In their amicus brief filed in Mahanoy Area School District v. B.L., the attorneys general do not take a position on the underlying facts of the case. Instead, they urge the court to treat students’ off-campus speech like any other students’ speech, allowing schools to regulate it when it has substantial effects on the school or other students’ learning, because:

  • Schools have a duty to provide a high-quality education to all students: Millions of school children experience bullying each year, and it oftentimes harms their ability to learn. In addition to making students feel unsafe at school, bullying has been shown to lower both short- and long-term academic performance of victims and perpetrators.
  • The line between on- and off-campus has been blurred by technology: Technology, electronic communications and social media allow students to remain connected to their school communities even outside of school hours and when they are not physically present at school. During the COVID-19 pandemic, virtual learning has further blurred the line between on-campus and off-campus speech.

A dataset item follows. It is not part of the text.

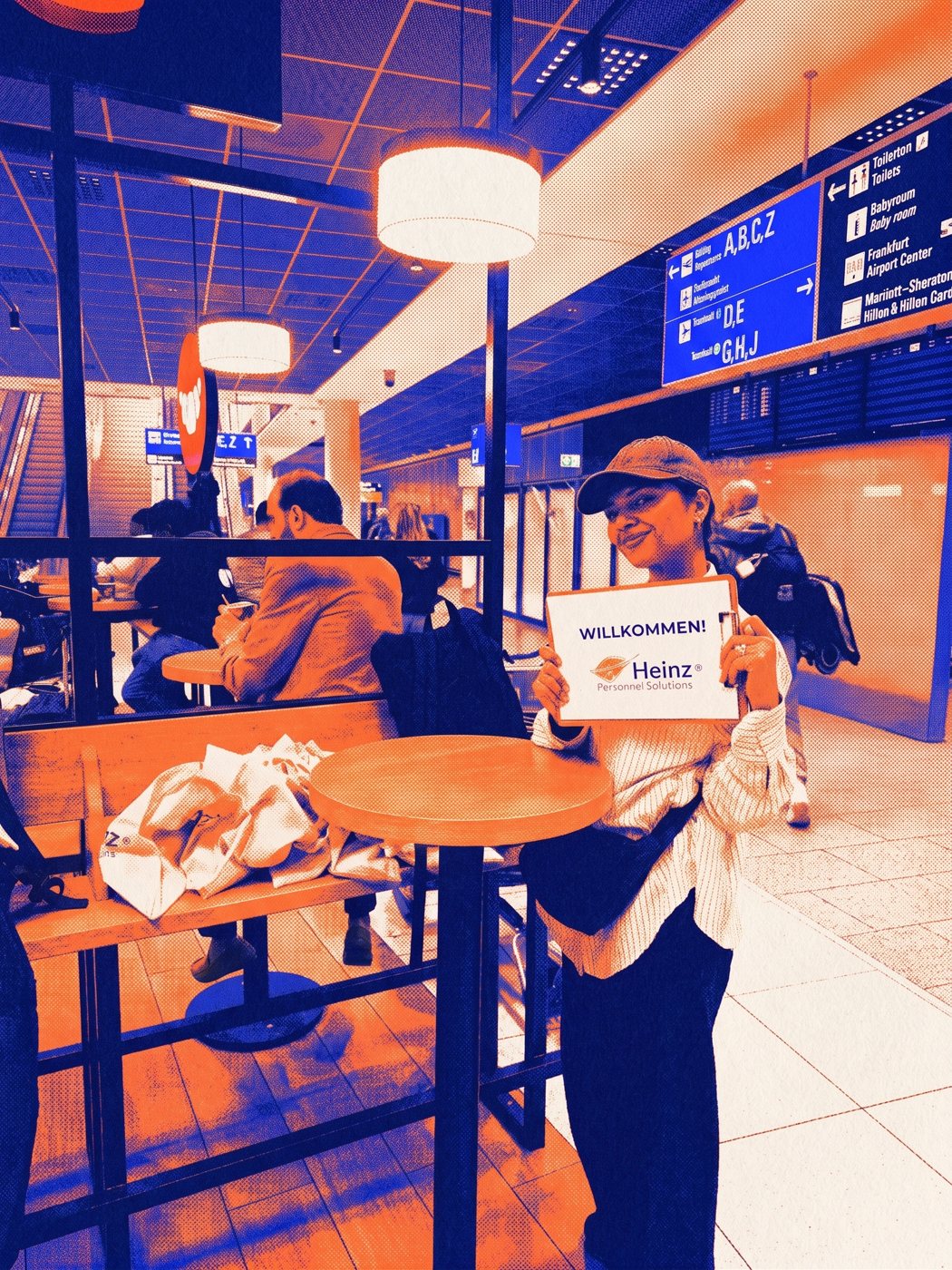 Willkommen am Flughafen in Deutschland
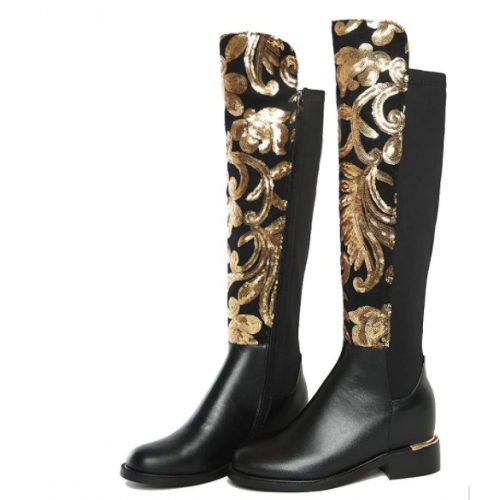 Bottes de femmes en cuir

  • Cyberbullying is a growing problem: Technology has created new opportunities for bullying to occur and a growing number of school-aged children report being bullied by other students online, on their cell phones or on other electronic media. One recent survey found that 59% of teenagers in the United States have personally experienced cyberbullying at some point in their lives. In a 2019 nationally representative survey by the Centers for Disease Control and Prevention, 15.7% of high school students reported being bullied by another student through texting, Instagram, Facebook or other social media during the past year.
  • Bullying can become disruptive at school regardless of where it originates: Regardless of when and where it occurs, bullying can create a school climate in which student victims feel unsafe and unable to engage in learning. For example, children who are cyberbullied are more likely to report missing school because they feel unsafe at school or when traveling to or from school.

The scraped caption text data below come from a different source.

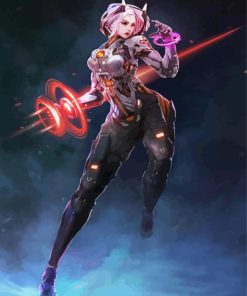 Anime Armor Girl paint by numbers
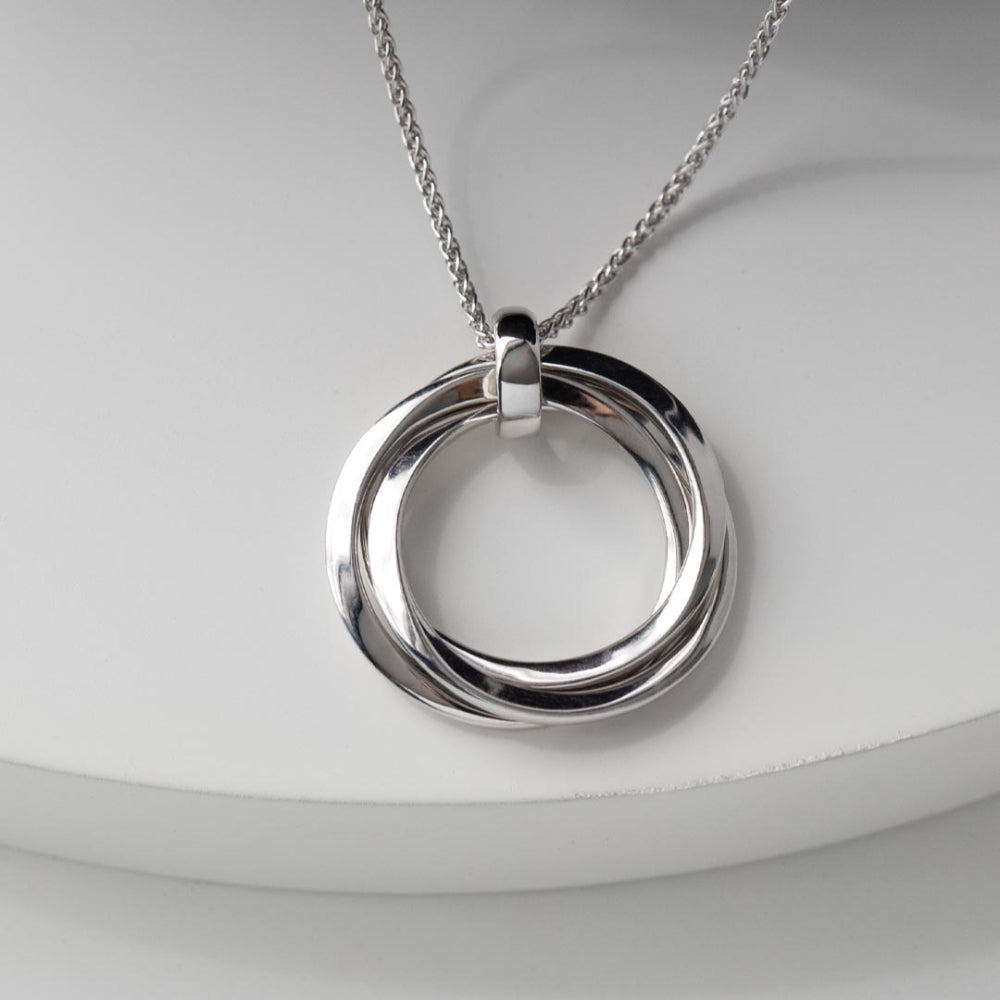 Kit Heath - Bevel Trilogy Grande Link Slider Necklace - Silver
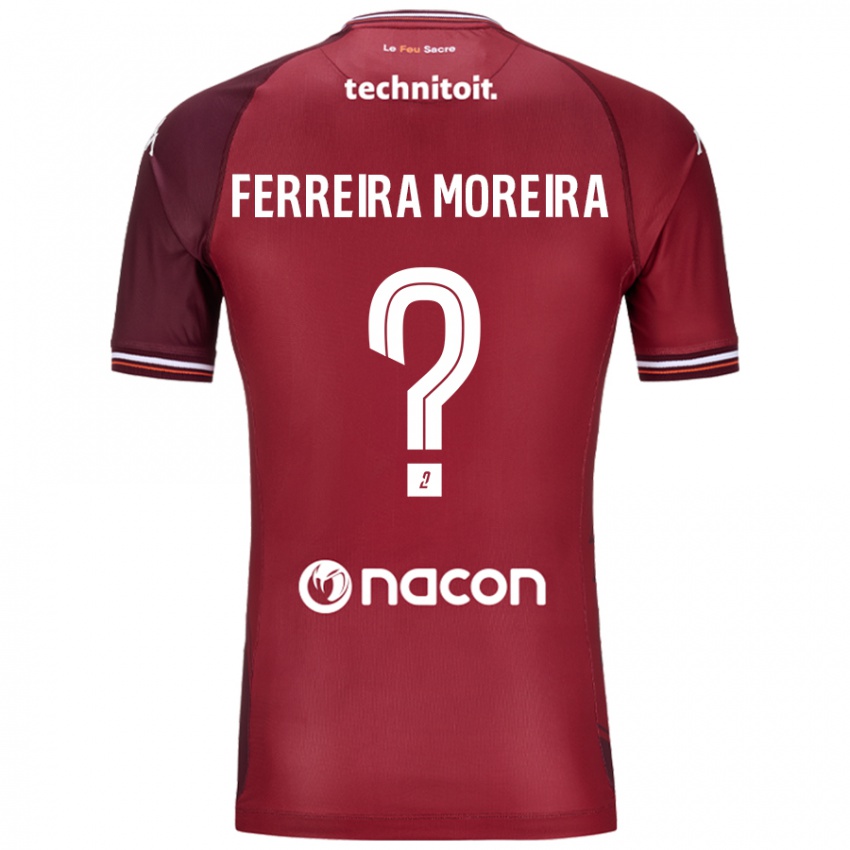 Bambino Maglia Ruben Ferreira Moreira #0 Rosso Granata Kit Gara Home 2024/25 Maglietta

  • Students will lose critical protections from cyberbullying: The laws of 35 states and the District of Columbia require or permit schools to regulate cyberbullying that occurs off-campus, on non-school devices and on non-school online platforms. Students would lose these important protections if the court limits schools’ power to regulate off-campus speech.

Joining Attorney General Nessel in filing this brief are the attorneys general of California, Colorado, Delaware, the District of Columbia, Hawaii, Illinois, Iowa, Maine, Maryland, Massachusetts Minnesota, Nevada, New Hampshire, New Jersey, New Mexico, New York, North Carolina, Oregon, Pennsylvania, Rhode Island, Vermont, Washington, and Wisconsin.